#### YOUR ASSIGNMENT:
Copy out the listing in full, exactly as written, but not its pictures.

● ● ●

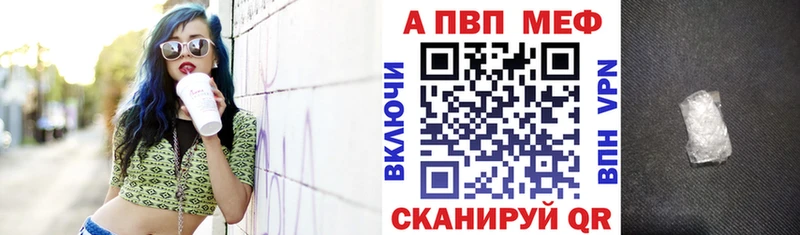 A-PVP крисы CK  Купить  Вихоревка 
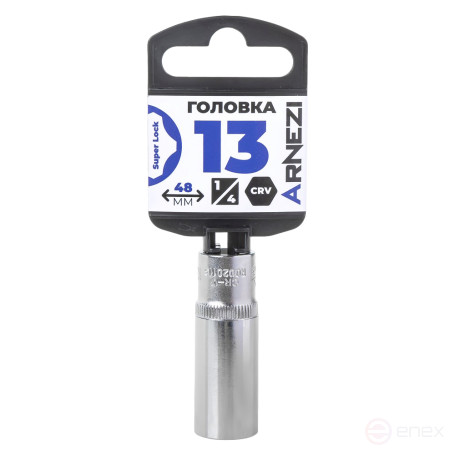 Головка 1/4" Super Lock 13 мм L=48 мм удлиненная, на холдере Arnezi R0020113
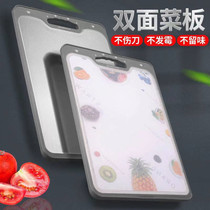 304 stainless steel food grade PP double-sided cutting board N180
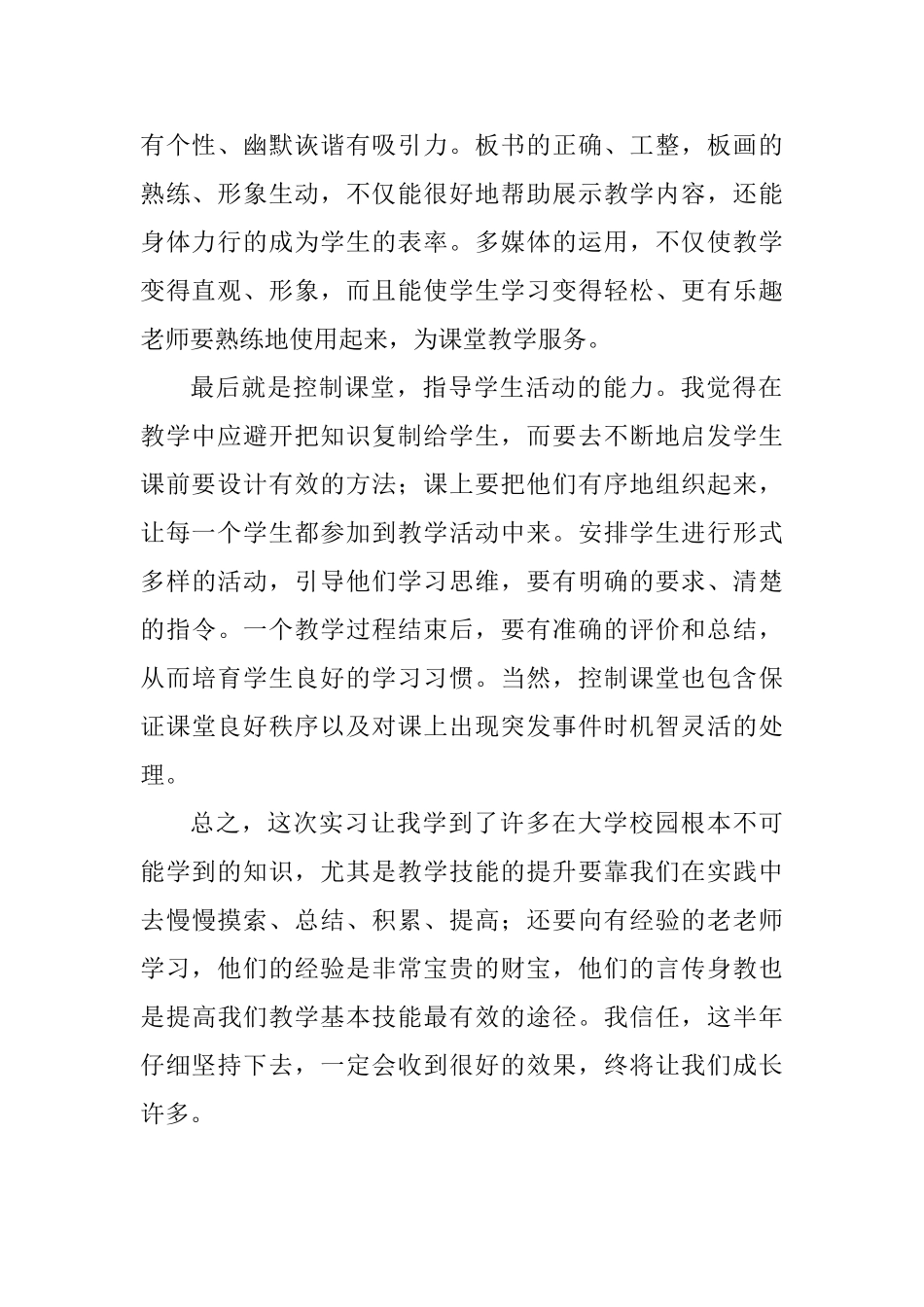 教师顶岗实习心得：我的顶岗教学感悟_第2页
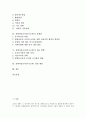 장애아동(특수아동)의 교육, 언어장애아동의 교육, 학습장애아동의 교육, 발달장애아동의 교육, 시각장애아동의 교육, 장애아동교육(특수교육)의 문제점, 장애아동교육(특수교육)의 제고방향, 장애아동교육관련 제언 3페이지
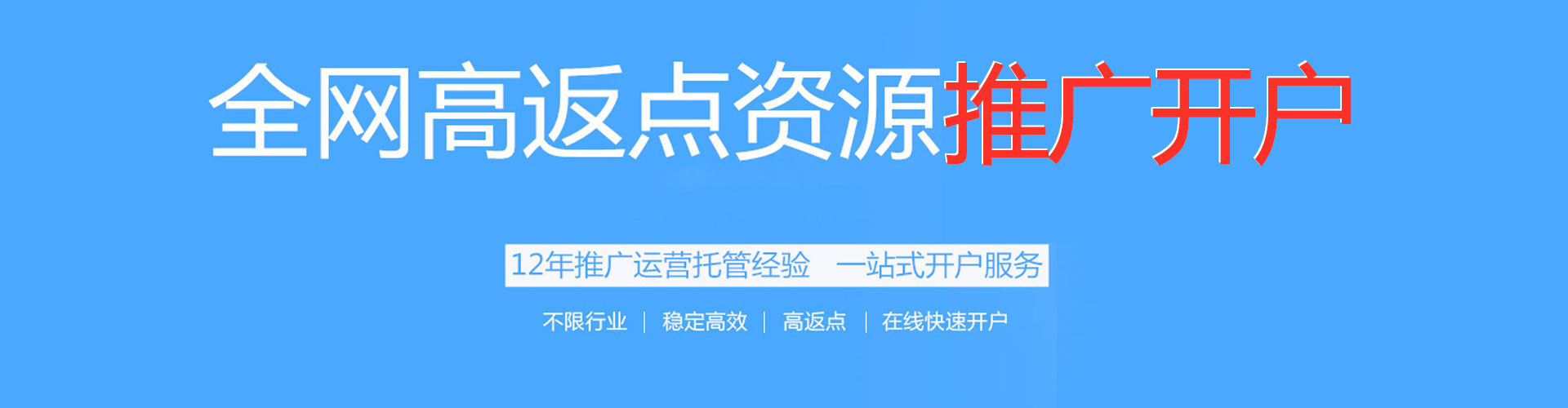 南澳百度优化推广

● ● ●

#### WRITTEN SOLUTION:
 A-PVP крисы CK  Купить  Вихоревка 
 Головка 1/4" Super Lock 13 мм L=48 мм удлиненная, на холдере Arnezi R0020113
 304 stainless steel food grade PP double-sided cutting board N180
 教师顶岗实习心得：我的顶岗教学感悟_第2页
 장애아동(특수아동)의 교육, 언어장애아동의 교육, 학습장애아동의 교육, 발달장애아동의 교육, 시각장애아동의 교육, 장애아동교육(특수교육)의 문제점, 장애아동교육(특수교육)의 제고방향, 장애아동교육관련 제언 3페이지
 南澳百度优化推广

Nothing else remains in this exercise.